Variables that are extracted from the current dataset state:
- zarr_dir
- The current image list
Variables that are extracted from user-provided job-submission parameters:
- Image-type filters to apply to the image list.

After this preliminary phase the following three steps (pre-execution, execution, post-execution) are repeated for all tasks in the list.

Pre-task-execution phase¶

If the task is a converter, it does not receive any OME-Zarr image as input. For non-converter tasks, however, fractal-server prepares a list of images that will be part of either zarr_urls (for non-parallel or compound tasks) or of the individual zarr_url arguments (for parallel tasks).

The input image list is constructed by applying two sets of filters to the current dataset image list:

Image-type filters obtained as a combination of current type filters, the task input types and the user-specified workflow-task type filters.
Image-attribute filters specified by the user upon job submission.

This procedure leads to a filtered_images list, with all OME-Zarr images that should be used as input for the task.

Task execution¶

This part is covered by task-type specific code blocks like

if task.type in [TaskType.NON_PARALLEL, TaskType.CONVERTER_NON_PARALLEL]:
    outcomes_dict, num_tasks = run_task_non_parallel(
        images=filtered_images,
        zarr_dir=zarr_dir,
        wftask=wftask,
        task=task,
        dataset_id=dataset.id,
        task_type=task.type,
        # ...
    )
elif task.type == TaskType.PARALLEL:
    outcomes_dict, num_tasks = run_task_parallel(
        # ...
    )
elif task.type in [TaskType.COMPOUND, TaskType.CONVERTER_COMPOUND]:
    outcomes_dict, num_tasks = run_task_compound(
        # ...
    )

where each value of outcomes_dict is a SubmissionOutcome object and may have a task_output attribute which is a TaskOutput object.

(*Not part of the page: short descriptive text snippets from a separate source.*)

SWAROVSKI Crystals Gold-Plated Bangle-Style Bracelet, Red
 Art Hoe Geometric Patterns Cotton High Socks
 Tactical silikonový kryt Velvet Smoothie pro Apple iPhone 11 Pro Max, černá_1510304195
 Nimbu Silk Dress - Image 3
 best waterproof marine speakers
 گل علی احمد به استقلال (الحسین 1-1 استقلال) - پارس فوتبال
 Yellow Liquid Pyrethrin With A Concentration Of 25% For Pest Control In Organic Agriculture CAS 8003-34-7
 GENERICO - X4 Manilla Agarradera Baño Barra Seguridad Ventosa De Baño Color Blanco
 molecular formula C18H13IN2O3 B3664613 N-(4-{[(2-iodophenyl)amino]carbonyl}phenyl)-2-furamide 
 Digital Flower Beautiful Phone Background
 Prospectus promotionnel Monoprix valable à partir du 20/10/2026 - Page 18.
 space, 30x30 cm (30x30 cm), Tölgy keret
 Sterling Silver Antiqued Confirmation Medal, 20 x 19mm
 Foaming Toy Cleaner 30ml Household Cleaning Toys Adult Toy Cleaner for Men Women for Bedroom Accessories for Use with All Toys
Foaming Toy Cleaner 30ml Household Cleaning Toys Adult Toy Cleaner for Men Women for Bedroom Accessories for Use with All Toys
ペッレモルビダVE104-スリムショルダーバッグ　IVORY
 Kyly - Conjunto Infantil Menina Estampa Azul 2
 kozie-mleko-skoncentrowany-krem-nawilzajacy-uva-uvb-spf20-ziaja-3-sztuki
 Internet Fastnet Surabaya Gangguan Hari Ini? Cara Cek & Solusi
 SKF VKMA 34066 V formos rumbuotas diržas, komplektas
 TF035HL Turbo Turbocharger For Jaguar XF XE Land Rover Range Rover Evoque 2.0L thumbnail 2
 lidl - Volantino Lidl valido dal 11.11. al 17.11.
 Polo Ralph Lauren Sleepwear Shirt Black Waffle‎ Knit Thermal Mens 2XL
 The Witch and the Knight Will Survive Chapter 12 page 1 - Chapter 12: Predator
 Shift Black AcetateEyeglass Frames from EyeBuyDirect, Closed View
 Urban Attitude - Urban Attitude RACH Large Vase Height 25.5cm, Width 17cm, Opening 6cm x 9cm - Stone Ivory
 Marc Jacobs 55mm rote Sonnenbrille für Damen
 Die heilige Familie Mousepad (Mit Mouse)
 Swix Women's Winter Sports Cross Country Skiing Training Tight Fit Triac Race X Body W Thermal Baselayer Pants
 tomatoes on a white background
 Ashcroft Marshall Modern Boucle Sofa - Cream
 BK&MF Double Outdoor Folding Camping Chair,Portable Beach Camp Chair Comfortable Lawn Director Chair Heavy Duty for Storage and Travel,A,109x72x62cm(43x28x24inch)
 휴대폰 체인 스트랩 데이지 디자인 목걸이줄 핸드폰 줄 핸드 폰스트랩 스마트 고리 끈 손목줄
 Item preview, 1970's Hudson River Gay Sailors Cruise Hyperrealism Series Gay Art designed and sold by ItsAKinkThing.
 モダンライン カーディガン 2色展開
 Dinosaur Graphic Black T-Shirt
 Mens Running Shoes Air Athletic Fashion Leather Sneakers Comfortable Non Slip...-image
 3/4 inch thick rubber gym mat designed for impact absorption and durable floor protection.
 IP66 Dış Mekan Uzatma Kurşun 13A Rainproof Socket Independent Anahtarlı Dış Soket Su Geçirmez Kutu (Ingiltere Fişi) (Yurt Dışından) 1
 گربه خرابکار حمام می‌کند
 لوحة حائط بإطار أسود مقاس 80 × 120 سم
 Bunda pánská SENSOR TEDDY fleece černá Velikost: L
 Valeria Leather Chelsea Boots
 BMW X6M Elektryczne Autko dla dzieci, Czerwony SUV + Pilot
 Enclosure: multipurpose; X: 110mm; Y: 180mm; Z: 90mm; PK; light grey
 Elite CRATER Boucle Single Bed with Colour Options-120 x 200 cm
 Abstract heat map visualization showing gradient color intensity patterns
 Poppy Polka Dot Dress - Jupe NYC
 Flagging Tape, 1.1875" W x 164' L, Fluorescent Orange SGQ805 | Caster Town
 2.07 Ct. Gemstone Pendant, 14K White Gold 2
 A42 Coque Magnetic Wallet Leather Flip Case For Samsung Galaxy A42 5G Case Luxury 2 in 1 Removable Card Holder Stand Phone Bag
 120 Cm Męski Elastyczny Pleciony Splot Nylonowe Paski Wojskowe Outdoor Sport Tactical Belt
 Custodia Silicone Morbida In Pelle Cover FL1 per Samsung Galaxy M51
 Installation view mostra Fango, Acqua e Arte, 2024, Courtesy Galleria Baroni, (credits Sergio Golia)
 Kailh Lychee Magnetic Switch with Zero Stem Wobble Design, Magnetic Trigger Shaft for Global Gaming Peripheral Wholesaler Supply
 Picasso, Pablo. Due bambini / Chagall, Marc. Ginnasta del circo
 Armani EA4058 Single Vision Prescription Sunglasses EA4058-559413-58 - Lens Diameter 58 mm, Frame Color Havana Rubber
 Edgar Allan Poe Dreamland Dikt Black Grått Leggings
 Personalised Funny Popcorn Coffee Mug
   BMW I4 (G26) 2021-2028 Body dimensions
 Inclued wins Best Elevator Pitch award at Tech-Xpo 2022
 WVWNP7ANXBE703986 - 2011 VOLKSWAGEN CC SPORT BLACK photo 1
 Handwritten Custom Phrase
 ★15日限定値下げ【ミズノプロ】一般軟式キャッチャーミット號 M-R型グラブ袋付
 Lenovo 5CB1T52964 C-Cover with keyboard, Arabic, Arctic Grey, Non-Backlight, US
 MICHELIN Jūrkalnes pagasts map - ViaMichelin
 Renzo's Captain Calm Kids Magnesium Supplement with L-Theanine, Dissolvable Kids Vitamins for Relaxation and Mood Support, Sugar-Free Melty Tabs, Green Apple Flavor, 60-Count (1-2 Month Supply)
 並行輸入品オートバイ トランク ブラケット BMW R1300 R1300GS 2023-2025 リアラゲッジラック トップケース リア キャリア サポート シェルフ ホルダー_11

The inner working of e.g. the run_task_non_parallel function is not described here, and it is implemented in a specific job runner.

Post-task-execution phase¶

Metadata outputs from all units are merged into a single TaskOutput object.
If there are no images to be created or updated, all input images in filtered_images are flagged as "to be updated", so that they will be updated e.g. with the new types set by the task.
For each image that should be created or updated, the image attributes, types and origin properties are updated as appropriate.
All images marked as "to be removed" are removed from the image list.
The current type filters are updated based on task output_types
The existing dataset image list is replaced with the new one, in the database.